STORED DATA →
----

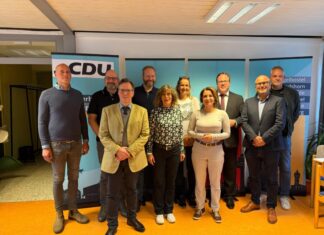 CDU Langenhagen wählt neuen Vorstand – Sebastian Kurbach übernimmt Vorsitz vlnr: Marc Dennis Münkel, Jan Hülsmann, Dr. Eckart Jakob, Hendrik-Christian Brandes, Ulrike Tiemeier-Merk, Simone Bahrs, Annelie Dobewall, Sebastian Kurbach, Dr. Bela Baján, Jörg Dietrich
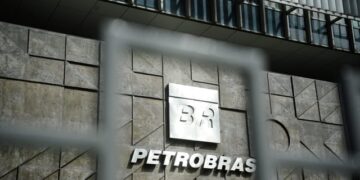 Petrobras reduz em R$ 0,13 o litro da gasolina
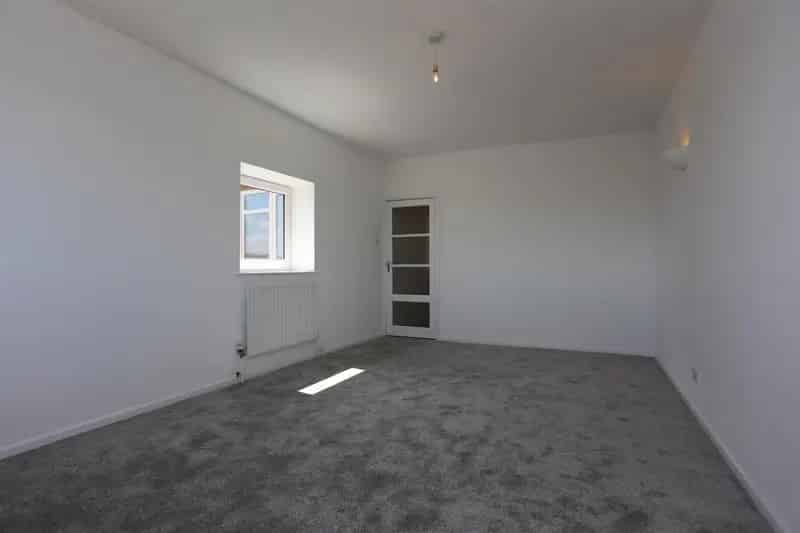 2 Bedroom Flat to Rent - City Views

----

INSTRUCTIONS TO FOLLOW → The listing above should be transcribed word for word, with its pictures left out.

ANSWER TO THIS PROBLEM →
 CDU Langenhagen wählt neuen Vorstand – Sebastian Kurbach übernimmt Vorsitz vlnr: Marc Dennis Münkel, Jan Hülsmann, Dr. Eckart Jakob, Hendrik-Christian Brandes, Ulrike Tiemeier-Merk, Simone Bahrs, Annelie Dobewall, Sebastian Kurbach, Dr. Bela Baján, Jörg Dietrich
 Petrobras reduz em R$ 0,13 o litro da gasolina
 2 Bedroom Flat to Rent - City Views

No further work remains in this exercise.